* [Stored data]
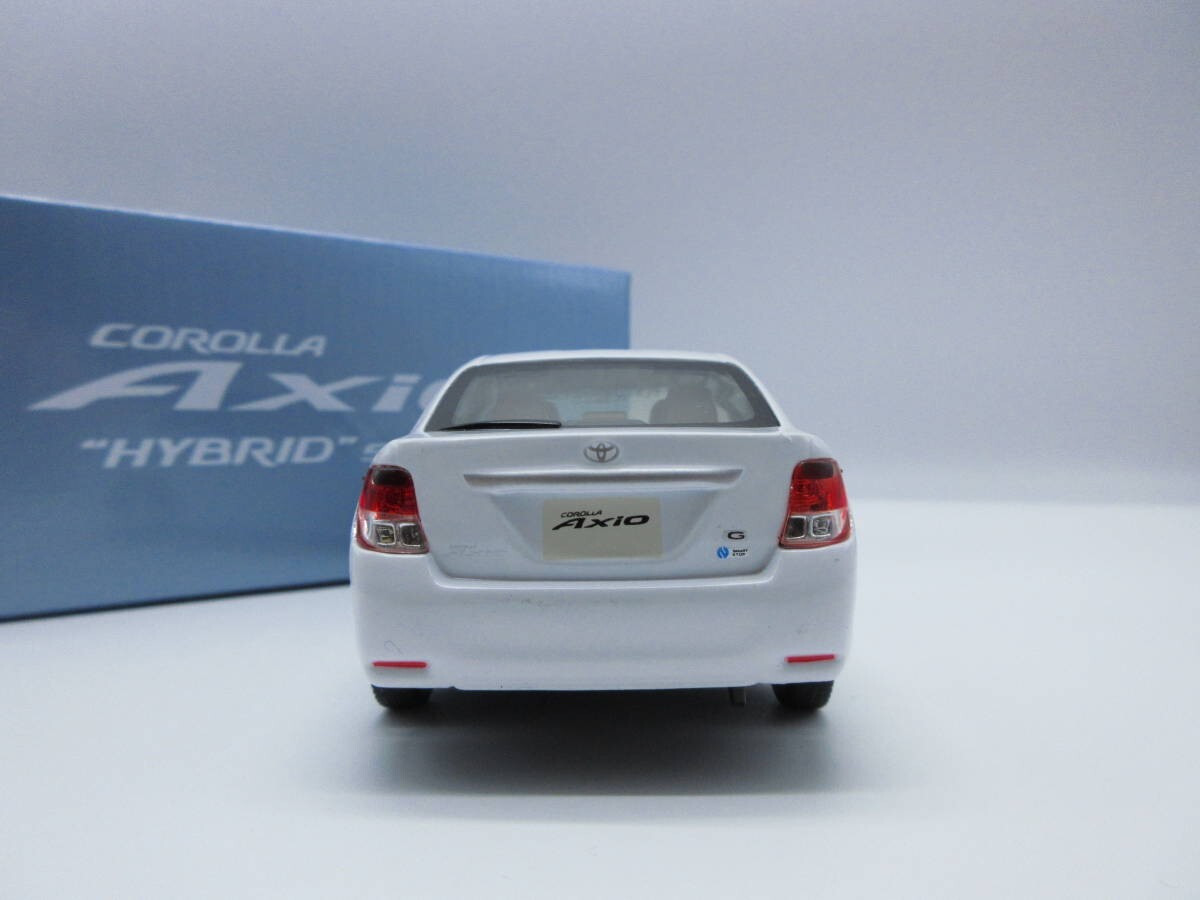 1:30 Toyota Corolla Axio hybrid Axio color sample minicar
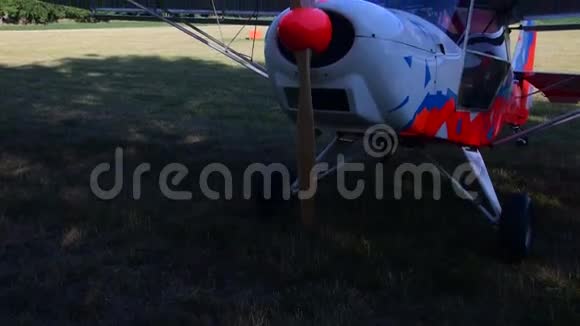 在机场的螺旋桨飞机小型业余飞机视频的预览图
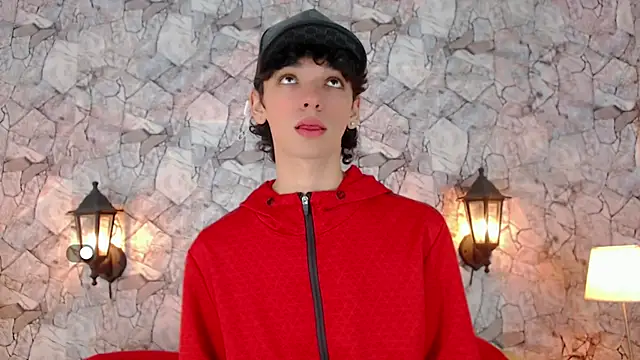 Snapshot of SexyJuliii21 chatting on 1, 3, 2025 SexyJuliii21 online show from 1, 3, 2025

* [What is expected] Give the data again exactly. Keep the images out.

* [Response]
 1:30 Toyota Corolla Axio hybrid Axio color sample minicar
 在机场的螺旋桨飞机小型业余飞机视频的预览图
 Snapshot of SexyJuliii21 chatting on 1, 3, 2025 SexyJuliii21 online show from 1, 3, 2025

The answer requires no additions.